■ **TASK OBJECTIVE**
Restate the listing below word for word, pictures excluded.

■ **DATA SECTION**
——————————

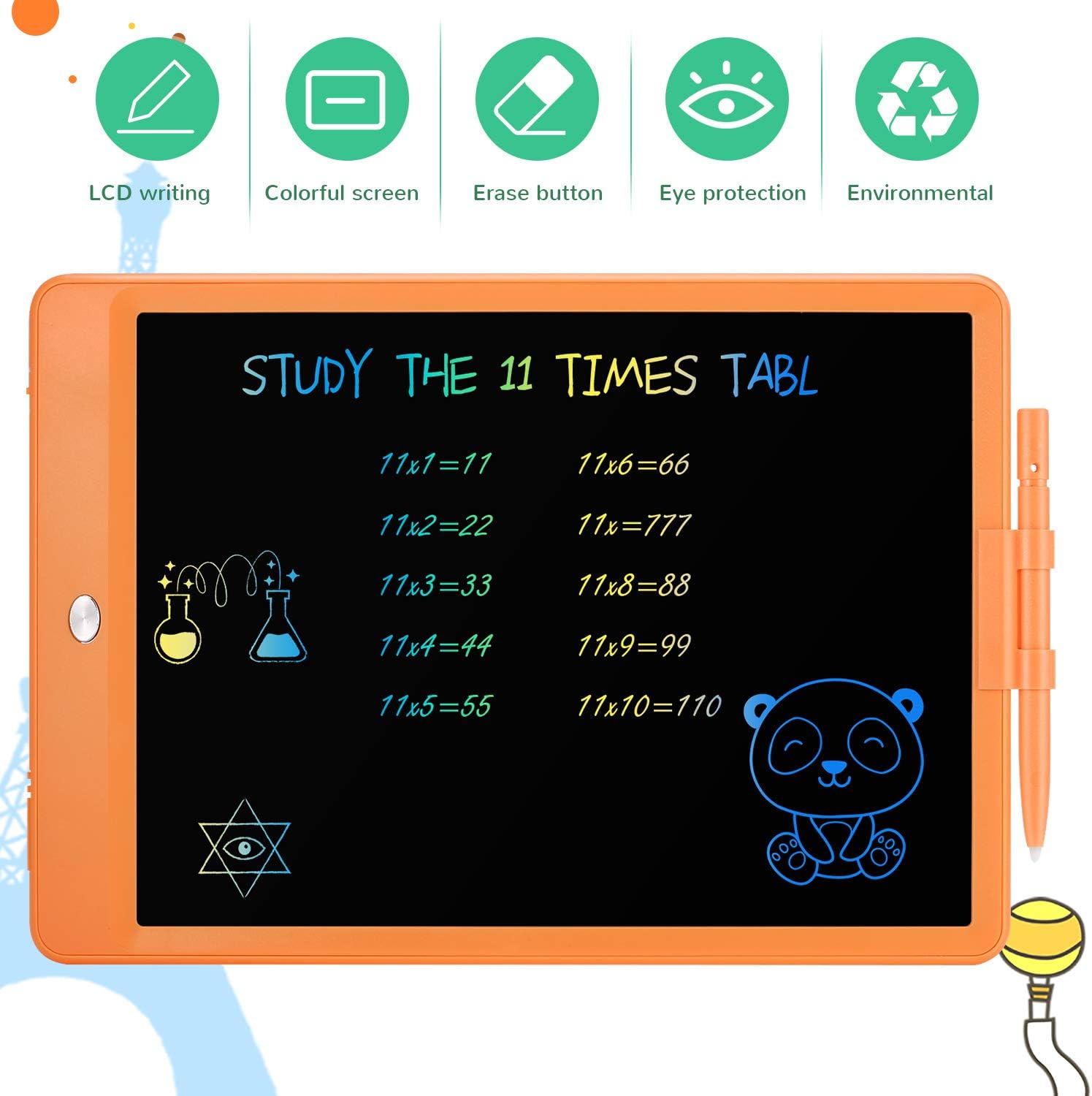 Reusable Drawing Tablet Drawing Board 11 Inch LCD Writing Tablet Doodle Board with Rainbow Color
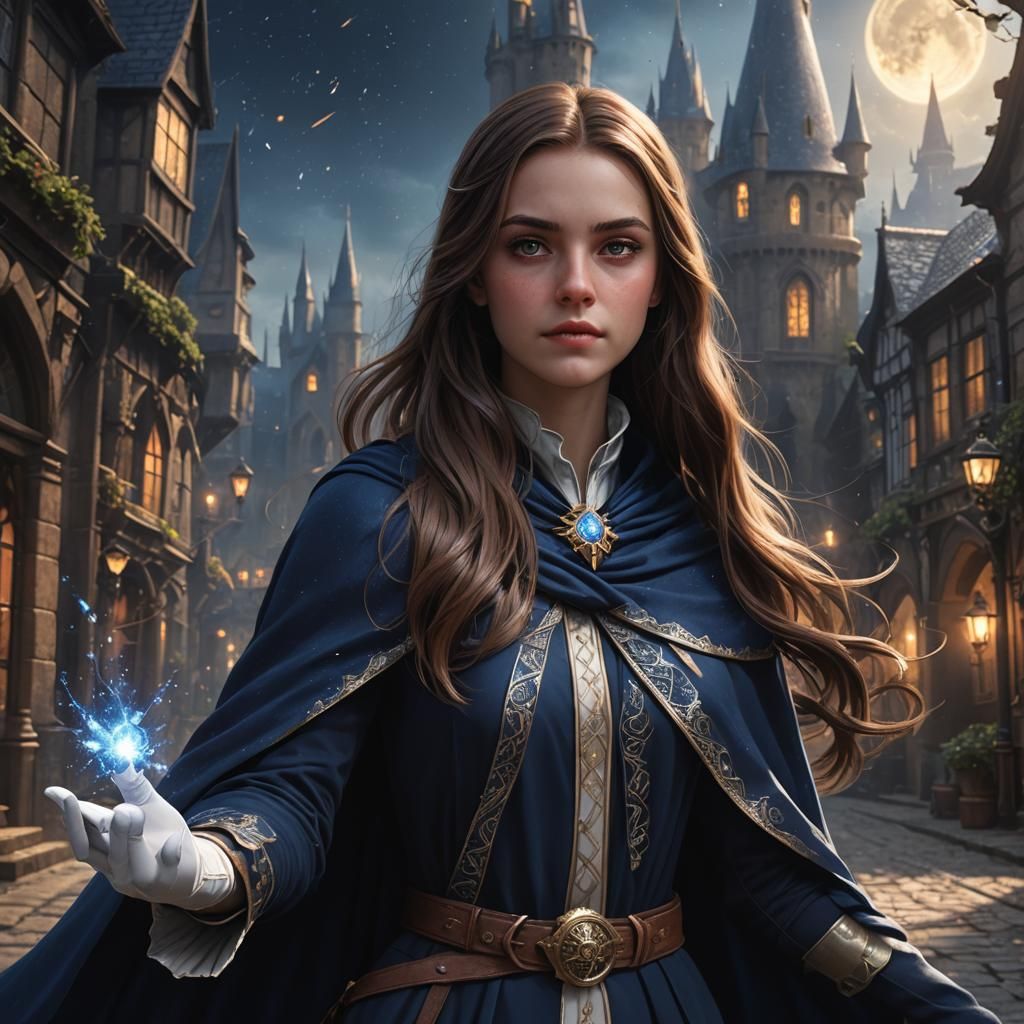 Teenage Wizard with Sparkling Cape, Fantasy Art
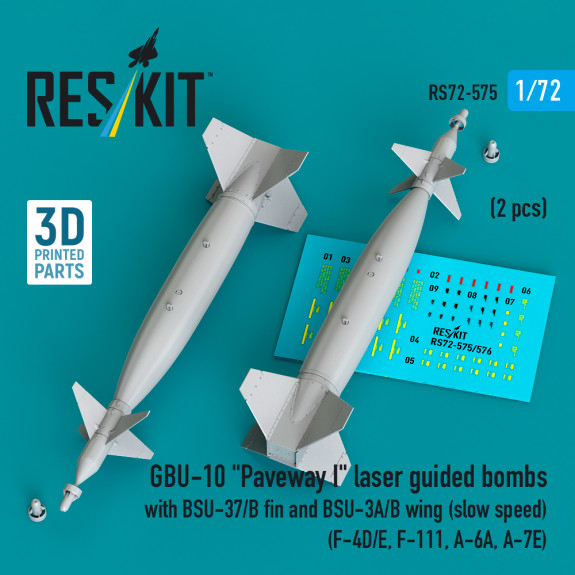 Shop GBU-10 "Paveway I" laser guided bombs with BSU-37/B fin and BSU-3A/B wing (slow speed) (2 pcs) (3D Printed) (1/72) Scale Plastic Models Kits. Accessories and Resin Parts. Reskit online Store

——————————

■ **EXERCISE RESULT**
 Reusable Drawing Tablet Drawing Board 11 Inch LCD Writing Tablet Doodle Board with Rainbow Color
 Teenage Wizard with Sparkling Cape, Fantasy Art
 Shop GBU-10 "Paveway I" laser guided bombs with BSU-37/B fin and BSU-3A/B wing (slow speed) (2 pcs) (3D Printed) (1/72) Scale Plastic Models Kits. Accessories and Resin Parts. Reskit online Store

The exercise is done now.